The main features of the New LGPS have been agreed by the Scottish Local Government Pensions Advisory Group (SLOGPAG), a partnership between COSLA, the relevant trade unions and the Scottish Government. The key elements of this agreement are as follows:

  • pension accrual for service from 1 April 2015 will be under the New LGPS, with defined benefits earned on a career average revalued earnings (CARE) basis;
  • the New LGPS will have an increased annual accrual rate of 1/49th (of pensionable salary);
  • revaluation of CARE benefits under the New LGPS will be linked to the Consumer Prices Index (CPI);
  • the current LGPS will close to further benefit accrual on 31 March 2015 - accrued benefits will continue to be linked to ‘final salary’ on leaving the New LGPS (rather than final salary at 31 March 2015) where service is continuous;
  • a member’s normal pension age under the New LGPS will be the higher of age 65 and their state pension age, as required by the Act;
  • transitional protection will be available for those closest to retirement - the detail of this will be set out in Transitional Regulations (see next page).

CARE benefits

The New LGPS will not be a final salary scheme, as the current LGPS is, but instead benefits will be built up on a CARE basis. In a CARE scheme, pension is earned in annual 'blocks' for each year of pensionable service, with each block added together to form the final pension. For example, a member of a CARE scheme with a 1/49th accrual rate would accrue 1/49th of their first year's pensionable salary, plus 1/49th of their second year's pensionable salary, plus 1/49th of their third year's pensionable salary etc.

The effect of inflation would otherwise diminish the value of each 'block' of CARE pension earned and therefore each year of pension accrual – or the pensionable pay for each year – would be increased (“revalued”) by an amount linked to inflation, for the period until the member retires or leaves the scheme. This is the 'revalued earnings' element of a CARE scheme. Under the New LGPS this revaluation factor would be linked to the CPI measure of inflation.

Issues for LGPS Employers

LGPS employers should review their employees’ employment contracts and other employee literature to check:

  • that these are aligned with the provisions of the New LGPS; and/or
  • for any rights employees may have to the continued accrual of final salary pension benefits.
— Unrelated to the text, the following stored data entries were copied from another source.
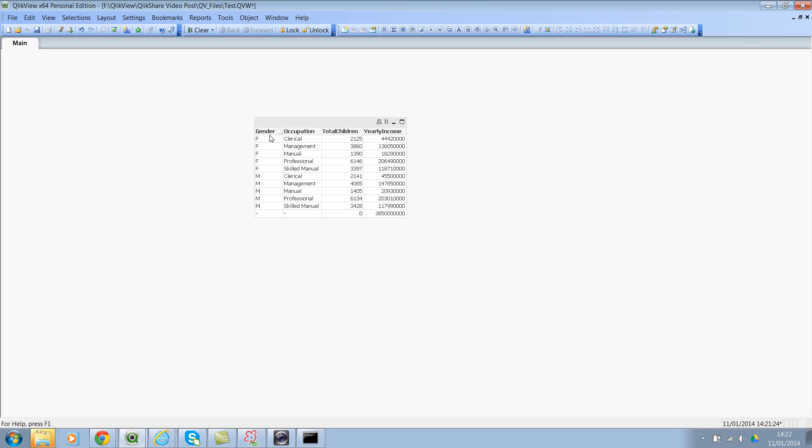We are aggregating total children and yearly income by using the occupation and gender as your grouping fields. So you can use any number of fields for aggregation, and you can also break down by multiple fields, not just one field.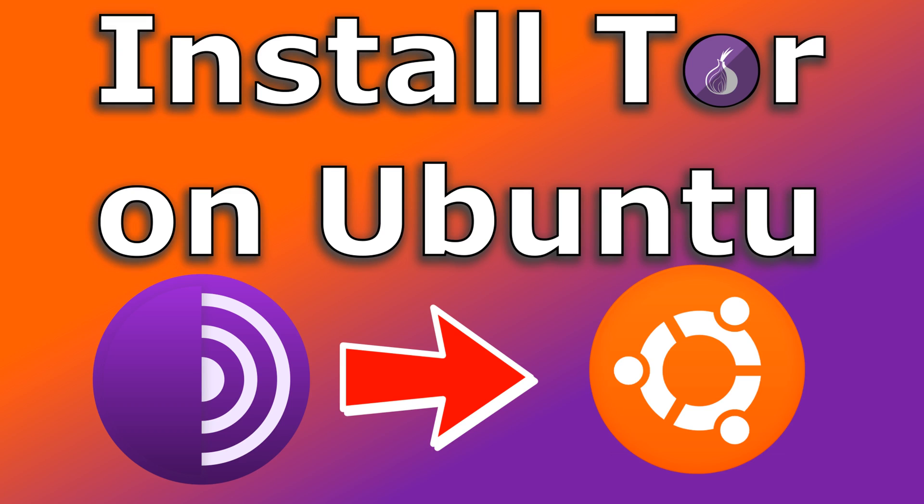In this video I want to show you how to install the Tor browser on your Linux Ubuntu machine. The instructions I'm gonna show you also apply to all Linux distributions that are based on Debian.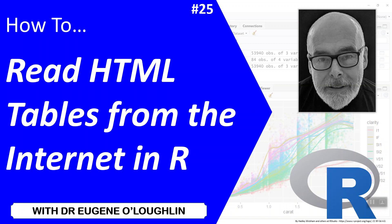Hi everybody, this is Eugene O'Loughlin and welcome to my series of short how-to videos. In this video we're going to learn how to read HTML tables from the internet in R.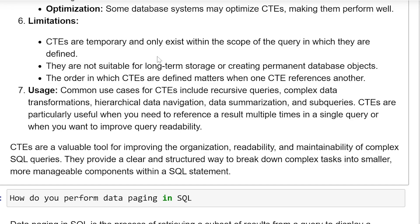Usage: Common use cases of CTEs include recursive queries, complex data transformation, hierarchical data navigation, and data summarization. CTEs are particularly useful when you need to reference a result multiple times in a single query or when you want to improve query readability.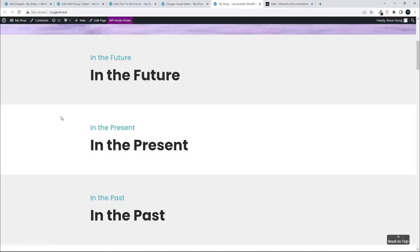In this video, we're going to have a look at working with dates, and we're going to be using Metabox. To show you how this works, we have an 'in the future', an 'in the present', and an 'in the past' post, and we're going to change the dates of the 'in the future' one to move it from the future to the present and then into the past.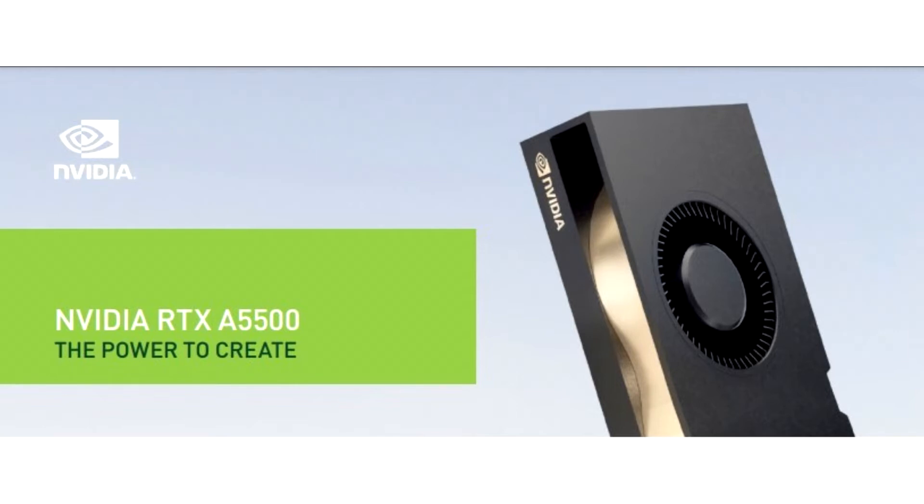Based on the Ampere graphics architecture, the RTX A5500 AIC features NVIDIA's biggest graphics silicon, the GA102.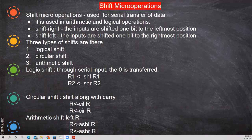In this class we are going to see about the shift micro operation. Mainly there are three types of shift micro operation: logical shift, circular shift, and arithmetic shift.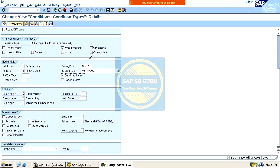We have to activate the condition index functionality from the beginning of the implementation. At the time of implementation only we have to check this. You may have a doubt: what will happen if you activate the condition index in the condition type controls in the middle of the project? Then the previous condition records will not get updated. So let me tell you what exactly the purpose of the condition index is.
Any employment contracts which are inconsistent with the New LGPS might need to be amended given the benefits structure of the New LGPS, for service from 1 April 2015.

Admission Agreements

Current LGPS admission bodies should consider whether their existing admission agreements might require amending to reflect the introduction of the New LGPS on 1 April 2015. In particular, admission bodies should consider whether any special terms which might currently apply to them (contained in their admission agreement and/or the regulations governing the current LGPS), might be affected by the introduction of the New LGPS on 1 April 2015.

Transitional Regulations

There will be transitional protections for those closest to retirement (to be set out in Transitional Regulations). It is expected that members of the current LGPS, who were members immediately before 1 April 2012 and were within ten years of retirement, would be covered by these transitional protections. Consultation on draft Transitional Regulations is expected to commence shortly.

Conclusion

LGPS employers should review their existing employment contracts and employee literature for any compatibility issues with the New LGPS, taking into account the effect of the proposed Transitional Regulations. Employers should also consider how they should deal with any questions from employees and their overall communication strategy regarding the introduction of the New LGPS. As the LGPS is a “public service pension scheme” however, the pensions consultation regulations do not apply to the closure of the current LGPS.